Lange Zeit war man davon ausgegangen, dass Gesichtsausdrücke für Glück, Überraschung, Furcht, Ekel, Wut und Traurigkeit von allen Menschen durch die gleichen Muskelbewegungen gebildet werden. Gesichtsausdrücke von Gefühlen seien aber von der Kultur abhängig, schreiben die Forscher um Rachael Jack von der University of Glasgow jetzt.
Mehr als sechs Basisemotionen
Europäer drücken nach Angaben der Forscher die sechs Basisemotionen wie erwartet mit einer eindeutigen Miene aus, die ganz bestimmte Muskelgruppen einbezieht. Das treffe aber nicht auf Chinesen zu: Bei ihnen überlappten die verwendeten Muskeln und daher auch die Gesichtsausdrücke – vor allem wenn es um Überraschung, Furcht, Ekel und Wut gehe.
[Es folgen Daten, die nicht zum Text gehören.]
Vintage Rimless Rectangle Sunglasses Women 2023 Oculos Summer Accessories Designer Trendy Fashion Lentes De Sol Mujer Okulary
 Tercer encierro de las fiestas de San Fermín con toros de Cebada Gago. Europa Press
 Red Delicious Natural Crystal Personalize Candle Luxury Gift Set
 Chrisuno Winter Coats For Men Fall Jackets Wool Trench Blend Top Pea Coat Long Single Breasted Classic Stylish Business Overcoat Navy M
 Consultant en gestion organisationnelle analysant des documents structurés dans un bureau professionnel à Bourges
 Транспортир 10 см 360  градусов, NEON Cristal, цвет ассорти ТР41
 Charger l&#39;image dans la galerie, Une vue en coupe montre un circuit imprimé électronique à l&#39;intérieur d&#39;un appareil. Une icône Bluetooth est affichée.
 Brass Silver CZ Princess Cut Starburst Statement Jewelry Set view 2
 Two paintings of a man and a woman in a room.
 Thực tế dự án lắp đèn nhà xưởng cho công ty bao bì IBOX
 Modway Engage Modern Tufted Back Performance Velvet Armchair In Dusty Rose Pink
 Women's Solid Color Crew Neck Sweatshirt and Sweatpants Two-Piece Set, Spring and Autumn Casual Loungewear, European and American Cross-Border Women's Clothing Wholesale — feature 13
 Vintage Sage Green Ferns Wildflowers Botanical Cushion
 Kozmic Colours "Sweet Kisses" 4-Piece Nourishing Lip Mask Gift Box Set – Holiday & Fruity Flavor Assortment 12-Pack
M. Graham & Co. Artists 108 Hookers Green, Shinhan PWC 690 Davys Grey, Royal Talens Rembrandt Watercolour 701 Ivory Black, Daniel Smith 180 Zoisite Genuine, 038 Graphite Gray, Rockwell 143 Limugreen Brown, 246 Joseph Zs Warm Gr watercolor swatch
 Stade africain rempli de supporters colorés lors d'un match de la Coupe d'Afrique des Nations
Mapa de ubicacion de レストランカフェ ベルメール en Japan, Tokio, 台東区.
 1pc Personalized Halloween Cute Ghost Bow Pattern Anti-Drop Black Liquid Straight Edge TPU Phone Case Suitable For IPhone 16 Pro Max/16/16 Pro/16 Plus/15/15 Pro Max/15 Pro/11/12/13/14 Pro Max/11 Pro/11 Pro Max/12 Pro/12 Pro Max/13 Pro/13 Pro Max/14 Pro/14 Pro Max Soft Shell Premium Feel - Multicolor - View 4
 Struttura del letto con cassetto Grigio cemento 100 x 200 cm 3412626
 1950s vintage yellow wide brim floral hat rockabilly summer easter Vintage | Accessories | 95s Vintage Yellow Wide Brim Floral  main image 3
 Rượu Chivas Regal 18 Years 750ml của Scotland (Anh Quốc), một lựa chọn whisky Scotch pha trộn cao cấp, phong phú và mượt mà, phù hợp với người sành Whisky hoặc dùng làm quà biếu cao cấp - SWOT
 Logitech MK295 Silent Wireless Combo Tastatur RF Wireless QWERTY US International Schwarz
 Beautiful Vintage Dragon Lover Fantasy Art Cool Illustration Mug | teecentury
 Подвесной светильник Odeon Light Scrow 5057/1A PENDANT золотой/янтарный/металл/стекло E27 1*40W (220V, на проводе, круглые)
In der asiatischen Kultur sei es daher nicht korrekt, von sechs Basisemotionen zu sprechen: Die Gefühle seien dort nicht so eindeutig voneinander abgegrenzt wie in der europäischen Kultur. „Die Einteilung von sechs Basisgefühlen vernachlässigt wahrscheinlich wichtige Emotionen wie Scham, Stolz und Schuld“, schreiben die Forscher.
Basisemotionen wie Furcht und Ekel und die passenden Gesichtsausdrücke dazu seien entstanden, als Menschen noch in tierähnlichen Verhältnissen lebten, heißt es in den „Proceedings“. Inzwischen hätten sich Gesichtsausdrücke aber weiterentwickelt.
Asiaten drücken mehr über die Augen aus
Es gibt nach Angaben der Forscher noch einen zweiten wichtigen Unterschied zwischen Asiaten und Europäern: Asiaten könne man schon sehr früh an den Augen ansehen, wie sehr sie sich fürchten, ekeln oder ärgern. Europäer hingegen drücken die Intensität ihre Gefühle mehr über andere Gesichtsteile aus, vor allem über den Mund.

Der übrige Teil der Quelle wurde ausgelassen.